(Stored items)

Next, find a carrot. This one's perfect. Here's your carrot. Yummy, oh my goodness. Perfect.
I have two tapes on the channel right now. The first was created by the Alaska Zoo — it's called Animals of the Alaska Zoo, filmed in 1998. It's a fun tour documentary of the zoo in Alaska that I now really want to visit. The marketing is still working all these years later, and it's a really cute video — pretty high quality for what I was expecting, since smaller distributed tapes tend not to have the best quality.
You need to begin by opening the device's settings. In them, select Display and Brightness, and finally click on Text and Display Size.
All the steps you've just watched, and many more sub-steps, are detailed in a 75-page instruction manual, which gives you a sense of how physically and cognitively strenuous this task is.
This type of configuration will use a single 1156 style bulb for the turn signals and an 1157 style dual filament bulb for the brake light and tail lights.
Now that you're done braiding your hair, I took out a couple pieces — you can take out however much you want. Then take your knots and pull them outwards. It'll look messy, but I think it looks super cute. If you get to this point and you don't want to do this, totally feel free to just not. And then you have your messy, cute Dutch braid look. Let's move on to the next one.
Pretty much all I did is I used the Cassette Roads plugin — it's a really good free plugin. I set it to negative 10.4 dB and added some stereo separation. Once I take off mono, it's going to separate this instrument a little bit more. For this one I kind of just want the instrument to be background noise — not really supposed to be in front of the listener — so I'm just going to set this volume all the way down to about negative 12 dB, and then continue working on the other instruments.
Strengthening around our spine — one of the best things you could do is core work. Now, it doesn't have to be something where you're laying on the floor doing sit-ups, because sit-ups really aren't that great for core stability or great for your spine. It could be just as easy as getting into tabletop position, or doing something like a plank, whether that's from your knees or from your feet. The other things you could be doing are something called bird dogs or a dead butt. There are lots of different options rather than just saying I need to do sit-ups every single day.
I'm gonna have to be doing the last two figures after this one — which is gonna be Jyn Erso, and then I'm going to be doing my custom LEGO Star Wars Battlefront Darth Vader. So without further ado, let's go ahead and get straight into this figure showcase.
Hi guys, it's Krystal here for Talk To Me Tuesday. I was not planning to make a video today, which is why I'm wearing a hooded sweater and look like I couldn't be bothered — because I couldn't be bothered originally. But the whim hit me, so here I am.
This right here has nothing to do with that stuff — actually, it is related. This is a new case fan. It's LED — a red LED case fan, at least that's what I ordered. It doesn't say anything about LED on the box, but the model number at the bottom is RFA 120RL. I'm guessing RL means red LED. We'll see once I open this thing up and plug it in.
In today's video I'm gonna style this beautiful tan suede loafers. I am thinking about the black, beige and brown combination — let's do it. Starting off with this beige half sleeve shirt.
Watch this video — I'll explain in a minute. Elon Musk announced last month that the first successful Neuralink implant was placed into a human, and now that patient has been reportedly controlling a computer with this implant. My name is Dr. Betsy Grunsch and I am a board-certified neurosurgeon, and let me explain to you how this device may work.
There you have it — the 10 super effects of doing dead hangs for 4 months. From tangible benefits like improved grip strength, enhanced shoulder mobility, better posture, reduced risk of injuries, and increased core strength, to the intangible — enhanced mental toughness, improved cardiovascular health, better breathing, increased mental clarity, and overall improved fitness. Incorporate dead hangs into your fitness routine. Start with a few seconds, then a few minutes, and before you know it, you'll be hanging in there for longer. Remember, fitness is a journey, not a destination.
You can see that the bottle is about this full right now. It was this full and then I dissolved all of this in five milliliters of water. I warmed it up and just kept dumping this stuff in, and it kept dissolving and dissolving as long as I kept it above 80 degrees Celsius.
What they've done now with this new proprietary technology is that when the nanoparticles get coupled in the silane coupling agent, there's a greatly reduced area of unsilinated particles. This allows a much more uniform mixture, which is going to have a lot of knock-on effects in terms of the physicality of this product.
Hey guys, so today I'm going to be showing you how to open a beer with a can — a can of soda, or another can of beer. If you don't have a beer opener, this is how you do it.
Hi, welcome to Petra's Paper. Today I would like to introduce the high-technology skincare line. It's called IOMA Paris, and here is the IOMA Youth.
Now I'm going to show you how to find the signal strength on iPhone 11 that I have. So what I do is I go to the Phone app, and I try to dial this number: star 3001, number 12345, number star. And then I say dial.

→ **Task requirements**
Wherever a line in the records contains the word "them", copy that line.

→ **Response to this exercise**
You need to begin by opening the device's settings. In them, select Display and Brightness, and finally click on Text and Display Size.
Now that you're done braiding your hair, I took out a couple pieces — you can take out however much you want. Then take your knots and pull them outwards. It'll look messy, but I think it looks super cute. If you get to this point and you don't want to do this, totally feel free to just not. And then you have your messy, cute Dutch braid look. Let's move on to the next one.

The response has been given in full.